*WHAT THE TASK ASKS*
In the entries below, find the line containing "Seletti Hybrid Collezione" and the line containing "Hermes Birkin 30". Copy those two lines and everything between them exactly, and only that.

*EXERCISE MATERIALS*

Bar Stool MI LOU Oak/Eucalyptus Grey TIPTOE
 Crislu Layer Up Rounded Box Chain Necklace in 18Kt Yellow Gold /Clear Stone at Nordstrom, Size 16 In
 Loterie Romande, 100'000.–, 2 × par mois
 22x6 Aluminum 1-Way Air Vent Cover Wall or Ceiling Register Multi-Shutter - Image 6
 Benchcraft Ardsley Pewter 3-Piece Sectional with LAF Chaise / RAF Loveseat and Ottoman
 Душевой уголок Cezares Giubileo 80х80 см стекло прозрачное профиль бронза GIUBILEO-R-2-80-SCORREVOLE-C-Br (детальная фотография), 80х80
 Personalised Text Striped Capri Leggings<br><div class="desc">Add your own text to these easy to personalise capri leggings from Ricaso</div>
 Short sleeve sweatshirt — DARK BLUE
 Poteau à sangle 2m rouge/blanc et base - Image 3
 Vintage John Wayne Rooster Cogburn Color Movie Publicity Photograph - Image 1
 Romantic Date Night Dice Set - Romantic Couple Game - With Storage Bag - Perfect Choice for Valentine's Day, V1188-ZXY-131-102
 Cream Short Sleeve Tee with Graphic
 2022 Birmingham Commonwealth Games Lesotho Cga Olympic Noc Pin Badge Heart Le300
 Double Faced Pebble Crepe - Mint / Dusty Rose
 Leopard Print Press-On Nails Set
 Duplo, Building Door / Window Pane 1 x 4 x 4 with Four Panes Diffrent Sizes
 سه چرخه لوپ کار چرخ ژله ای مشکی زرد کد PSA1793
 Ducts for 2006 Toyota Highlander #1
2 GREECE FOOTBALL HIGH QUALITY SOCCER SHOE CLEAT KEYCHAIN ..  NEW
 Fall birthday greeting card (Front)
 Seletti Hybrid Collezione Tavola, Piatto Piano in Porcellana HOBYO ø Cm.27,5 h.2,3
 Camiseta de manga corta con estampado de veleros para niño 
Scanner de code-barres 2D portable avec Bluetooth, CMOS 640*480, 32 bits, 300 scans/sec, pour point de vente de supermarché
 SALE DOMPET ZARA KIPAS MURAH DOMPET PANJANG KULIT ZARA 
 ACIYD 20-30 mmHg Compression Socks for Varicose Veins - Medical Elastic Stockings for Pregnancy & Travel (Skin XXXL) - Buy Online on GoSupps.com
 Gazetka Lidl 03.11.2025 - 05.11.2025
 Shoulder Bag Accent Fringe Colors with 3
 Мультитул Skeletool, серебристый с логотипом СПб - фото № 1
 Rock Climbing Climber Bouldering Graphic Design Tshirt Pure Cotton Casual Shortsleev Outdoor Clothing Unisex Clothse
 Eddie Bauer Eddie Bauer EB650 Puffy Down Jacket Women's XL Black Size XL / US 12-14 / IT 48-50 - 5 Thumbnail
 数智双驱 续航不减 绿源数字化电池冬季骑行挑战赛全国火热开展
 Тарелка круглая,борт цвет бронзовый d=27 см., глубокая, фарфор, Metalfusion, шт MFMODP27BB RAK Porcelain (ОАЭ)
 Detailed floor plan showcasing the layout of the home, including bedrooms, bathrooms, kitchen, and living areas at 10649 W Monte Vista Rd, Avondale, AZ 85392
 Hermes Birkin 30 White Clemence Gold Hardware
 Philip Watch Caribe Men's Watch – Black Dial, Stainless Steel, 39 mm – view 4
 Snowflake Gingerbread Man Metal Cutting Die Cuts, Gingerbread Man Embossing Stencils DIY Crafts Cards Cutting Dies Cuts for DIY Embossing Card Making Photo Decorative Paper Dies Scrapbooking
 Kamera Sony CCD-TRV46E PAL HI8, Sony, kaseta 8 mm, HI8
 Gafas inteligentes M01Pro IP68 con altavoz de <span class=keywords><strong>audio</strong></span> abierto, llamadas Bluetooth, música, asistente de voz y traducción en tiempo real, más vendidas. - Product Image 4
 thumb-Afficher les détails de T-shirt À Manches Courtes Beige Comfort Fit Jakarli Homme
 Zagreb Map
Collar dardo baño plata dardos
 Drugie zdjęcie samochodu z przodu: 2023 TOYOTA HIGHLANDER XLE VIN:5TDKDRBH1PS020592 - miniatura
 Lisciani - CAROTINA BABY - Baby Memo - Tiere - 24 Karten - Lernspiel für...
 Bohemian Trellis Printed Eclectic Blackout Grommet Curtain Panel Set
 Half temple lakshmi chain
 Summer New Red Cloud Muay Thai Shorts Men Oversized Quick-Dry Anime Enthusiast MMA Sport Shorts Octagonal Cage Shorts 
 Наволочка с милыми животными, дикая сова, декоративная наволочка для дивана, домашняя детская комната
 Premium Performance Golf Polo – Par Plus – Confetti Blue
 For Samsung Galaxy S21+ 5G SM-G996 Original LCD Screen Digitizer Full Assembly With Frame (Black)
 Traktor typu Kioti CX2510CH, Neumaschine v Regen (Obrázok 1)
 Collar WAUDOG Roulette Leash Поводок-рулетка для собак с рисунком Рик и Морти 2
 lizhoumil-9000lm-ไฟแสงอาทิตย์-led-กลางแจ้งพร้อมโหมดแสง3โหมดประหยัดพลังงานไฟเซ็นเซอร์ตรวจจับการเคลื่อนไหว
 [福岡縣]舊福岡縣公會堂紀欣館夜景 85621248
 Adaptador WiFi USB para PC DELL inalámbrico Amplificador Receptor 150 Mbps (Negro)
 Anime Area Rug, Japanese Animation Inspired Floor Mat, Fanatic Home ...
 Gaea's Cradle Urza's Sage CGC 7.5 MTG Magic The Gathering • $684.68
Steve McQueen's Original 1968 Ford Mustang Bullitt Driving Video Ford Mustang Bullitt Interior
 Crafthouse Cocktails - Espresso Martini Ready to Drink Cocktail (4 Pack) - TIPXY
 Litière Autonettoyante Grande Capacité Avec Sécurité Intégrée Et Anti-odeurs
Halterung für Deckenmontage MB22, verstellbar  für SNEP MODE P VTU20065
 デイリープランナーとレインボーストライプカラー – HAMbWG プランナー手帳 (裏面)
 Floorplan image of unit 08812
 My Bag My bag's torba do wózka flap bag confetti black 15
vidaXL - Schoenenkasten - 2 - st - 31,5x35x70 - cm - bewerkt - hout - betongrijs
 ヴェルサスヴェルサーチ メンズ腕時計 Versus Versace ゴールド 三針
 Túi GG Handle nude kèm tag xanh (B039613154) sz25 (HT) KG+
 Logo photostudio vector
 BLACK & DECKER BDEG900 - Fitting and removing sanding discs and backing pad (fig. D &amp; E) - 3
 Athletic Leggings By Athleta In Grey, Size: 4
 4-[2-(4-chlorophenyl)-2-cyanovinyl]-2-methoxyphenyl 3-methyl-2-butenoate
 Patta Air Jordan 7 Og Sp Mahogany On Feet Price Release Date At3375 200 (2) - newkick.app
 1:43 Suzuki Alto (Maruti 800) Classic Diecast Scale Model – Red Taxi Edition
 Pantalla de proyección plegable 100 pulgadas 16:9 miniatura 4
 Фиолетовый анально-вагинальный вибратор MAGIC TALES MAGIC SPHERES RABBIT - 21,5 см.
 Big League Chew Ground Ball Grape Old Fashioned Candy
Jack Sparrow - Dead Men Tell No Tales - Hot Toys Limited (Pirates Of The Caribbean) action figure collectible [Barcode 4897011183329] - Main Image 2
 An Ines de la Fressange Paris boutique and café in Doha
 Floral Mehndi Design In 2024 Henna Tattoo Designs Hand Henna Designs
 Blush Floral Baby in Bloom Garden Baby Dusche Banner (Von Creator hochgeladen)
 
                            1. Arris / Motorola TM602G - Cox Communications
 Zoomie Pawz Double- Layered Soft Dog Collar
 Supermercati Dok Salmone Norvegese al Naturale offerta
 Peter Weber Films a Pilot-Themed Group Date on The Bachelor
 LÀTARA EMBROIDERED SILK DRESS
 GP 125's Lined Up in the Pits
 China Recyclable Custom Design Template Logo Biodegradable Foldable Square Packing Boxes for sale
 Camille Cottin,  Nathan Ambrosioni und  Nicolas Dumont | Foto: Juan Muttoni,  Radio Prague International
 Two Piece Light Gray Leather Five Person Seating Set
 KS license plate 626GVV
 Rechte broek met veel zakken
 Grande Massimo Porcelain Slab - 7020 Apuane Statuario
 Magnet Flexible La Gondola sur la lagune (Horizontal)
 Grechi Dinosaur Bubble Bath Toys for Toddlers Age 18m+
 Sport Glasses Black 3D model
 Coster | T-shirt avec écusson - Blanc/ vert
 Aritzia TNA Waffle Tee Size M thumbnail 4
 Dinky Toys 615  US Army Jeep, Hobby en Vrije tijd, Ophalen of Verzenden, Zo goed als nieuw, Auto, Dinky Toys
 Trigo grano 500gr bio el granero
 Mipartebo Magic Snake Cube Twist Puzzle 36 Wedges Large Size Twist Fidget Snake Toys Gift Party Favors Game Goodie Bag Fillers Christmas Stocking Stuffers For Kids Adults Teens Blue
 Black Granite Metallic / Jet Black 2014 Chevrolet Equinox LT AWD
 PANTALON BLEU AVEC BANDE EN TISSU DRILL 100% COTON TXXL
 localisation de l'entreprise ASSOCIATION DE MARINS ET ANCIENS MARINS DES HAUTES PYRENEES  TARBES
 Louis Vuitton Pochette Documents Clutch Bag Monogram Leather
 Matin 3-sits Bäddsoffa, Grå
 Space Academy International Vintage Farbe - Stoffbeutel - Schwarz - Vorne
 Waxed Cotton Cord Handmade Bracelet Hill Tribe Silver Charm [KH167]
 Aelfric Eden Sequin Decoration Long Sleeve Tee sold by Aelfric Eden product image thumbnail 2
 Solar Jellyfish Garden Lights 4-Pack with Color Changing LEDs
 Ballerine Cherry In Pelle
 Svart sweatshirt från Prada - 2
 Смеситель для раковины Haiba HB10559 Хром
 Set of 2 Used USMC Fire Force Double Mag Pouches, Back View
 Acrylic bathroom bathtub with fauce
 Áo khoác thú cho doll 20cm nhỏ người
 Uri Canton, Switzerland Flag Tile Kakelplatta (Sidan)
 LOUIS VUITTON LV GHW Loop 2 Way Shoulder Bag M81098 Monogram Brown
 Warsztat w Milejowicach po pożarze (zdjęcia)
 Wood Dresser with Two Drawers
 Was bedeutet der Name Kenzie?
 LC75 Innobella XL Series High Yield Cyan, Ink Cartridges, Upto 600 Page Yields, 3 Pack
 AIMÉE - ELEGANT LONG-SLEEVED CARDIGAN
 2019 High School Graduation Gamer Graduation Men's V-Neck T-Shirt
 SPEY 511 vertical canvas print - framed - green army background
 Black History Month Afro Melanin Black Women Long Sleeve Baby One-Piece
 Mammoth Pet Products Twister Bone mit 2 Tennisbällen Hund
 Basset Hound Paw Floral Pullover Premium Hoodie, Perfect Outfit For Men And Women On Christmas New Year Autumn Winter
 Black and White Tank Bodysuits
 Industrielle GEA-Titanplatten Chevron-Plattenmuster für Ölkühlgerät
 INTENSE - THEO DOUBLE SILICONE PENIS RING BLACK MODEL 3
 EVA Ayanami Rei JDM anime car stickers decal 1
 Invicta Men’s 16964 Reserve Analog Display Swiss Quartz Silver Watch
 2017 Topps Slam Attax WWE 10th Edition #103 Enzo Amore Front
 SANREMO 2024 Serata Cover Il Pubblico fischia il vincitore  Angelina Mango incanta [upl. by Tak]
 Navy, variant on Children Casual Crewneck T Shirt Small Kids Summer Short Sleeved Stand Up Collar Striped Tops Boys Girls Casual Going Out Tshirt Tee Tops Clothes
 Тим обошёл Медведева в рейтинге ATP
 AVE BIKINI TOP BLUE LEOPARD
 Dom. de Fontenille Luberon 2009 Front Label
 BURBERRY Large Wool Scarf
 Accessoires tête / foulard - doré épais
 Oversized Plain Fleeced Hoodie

*SOLUTION*
 Seletti Hybrid Collezione Tavola, Piatto Piano in Porcellana HOBYO ø Cm.27,5 h.2,3
 Camiseta de manga corta con estampado de veleros para niño 
Scanner de code-barres 2D portable avec Bluetooth, CMOS 640*480, 32 bits, 300 scans/sec, pour point de vente de supermarché
 SALE DOMPET ZARA KIPAS MURAH DOMPET PANJANG KULIT ZARA 
 ACIYD 20-30 mmHg Compression Socks for Varicose Veins - Medical Elastic Stockings for Pregnancy & Travel (Skin XXXL) - Buy Online on GoSupps.com
 Gazetka Lidl 03.11.2025 - 05.11.2025
 Shoulder Bag Accent Fringe Colors with 3
 Мультитул Skeletool, серебристый с логотипом СПб - фото № 1
 Rock Climbing Climber Bouldering Graphic Design Tshirt Pure Cotton Casual Shortsleev Outdoor Clothing Unisex Clothse
 Eddie Bauer Eddie Bauer EB650 Puffy Down Jacket Women's XL Black Size XL / US 12-14 / IT 48-50 - 5 Thumbnail
 数智双驱 续航不减 绿源数字化电池冬季骑行挑战赛全国火热开展
 Тарелка круглая,борт цвет бронзовый d=27 см., глубокая, фарфор, Metalfusion, шт MFMODP27BB RAK Porcelain (ОАЭ)
 Detailed floor plan showcasing the layout of the home, including bedrooms, bathrooms, kitchen, and living areas at 10649 W Monte Vista Rd, Avondale, AZ 85392
 Hermes Birkin 30 White Clemence Gold Hardware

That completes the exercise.